“Half the women I know are very unhappy in their marriages; the other half are having affairs.” A friend told me this the other day. A married friend. She was sincere. I heard distress in her voice.
She got me thinking. Of relationships. Of monogamy. Of marriage.
Being a single man who was married for years, I see marriages today in a different light. And I have a unique perspective these days because I was single, then I was married for 17 years and now I’m single again. I know what it’s like to be married.
And I believe in marriage. But, I confess, I’m skeptical.
Mostly, I’m struck by the drive in all of us. The drive to be known. The drive to find love. The drive to settle down. The drive for a lifelong partner.

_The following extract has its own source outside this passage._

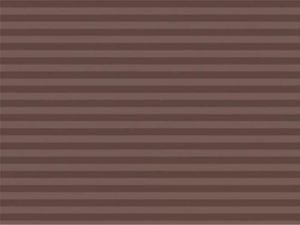 Corrugated Texture Decorate Custom Convenient and Fast Contemporary Remould Composite Wall Panels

Everybody wants a lifelong partner. Or, most people do.
But once that lifelong commitment is finally made—usually after years, of vetting, chaos, drama, uncertainty, fear, games (also known as dating)—most come to regret that commitment.
Ten years ago I was having a drink with my friend, Steve. He was married. He was happily married. Steve and his wife mentored married couples in their Roman Catholic church. They took personal vacation time to volunteer with a ministry called Marriage Encounter, a retreat to help strengthen marriages.

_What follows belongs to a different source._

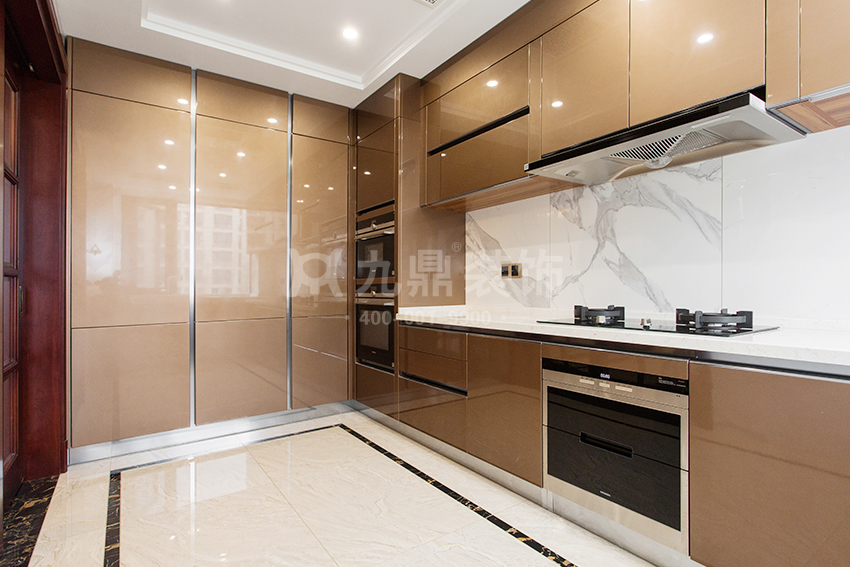 杭州裝修公司 杭州裝修公司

“Paul, you have no idea! Marriages are falling apart. About half of all marriages end in divorce. The other fifty percent? Most of those are struggling. I know. Those are the ones me and my wife try to help.” Steve went on. “Truth be told, Paul, we help very few. The institution of marriage is in big trouble.”
I’m not saying that happy marriages don’t exist. Mine was great for 13 years. I’ve seen many. You have, too. You know those marriages when you see them because couples who are happily married, both husband and wife, always talk about how in love they are.
But far more marriages are not happy ones.
Studies show that more and more are turning to the open relationship. These people know the facts on infidelity and divorce. They see the constraints associated with marriage. And they avoid it.
In her piece in The New York Times, When an Open Relationship Comes at a Price, Eliza Kennedy tells a sobering tale. She opted for an open relationship. But it didn’t work.
Eventually ditching her boyfriend, she fell in love, and got married. The ex-open relationship-partner-turned-monogamous-advocate writes, “…the wreckage of monogamous relationships lies all around us. The notion that they’re somehow more stable than open ones is an illusion. Not because monogamy is unsafe, but because all romantic love is. It’s powerful and thrilling. It’s also terrifying.”
As we all try to figure out love, romance, and commitment, I’m going to go with Kennedy’s words. Monogamy is powerful and thrilling. It’s what we all want.
But it’s unsafe; romantic love is unsafe.
There are risks.
You can be burned. Who wants to be burned?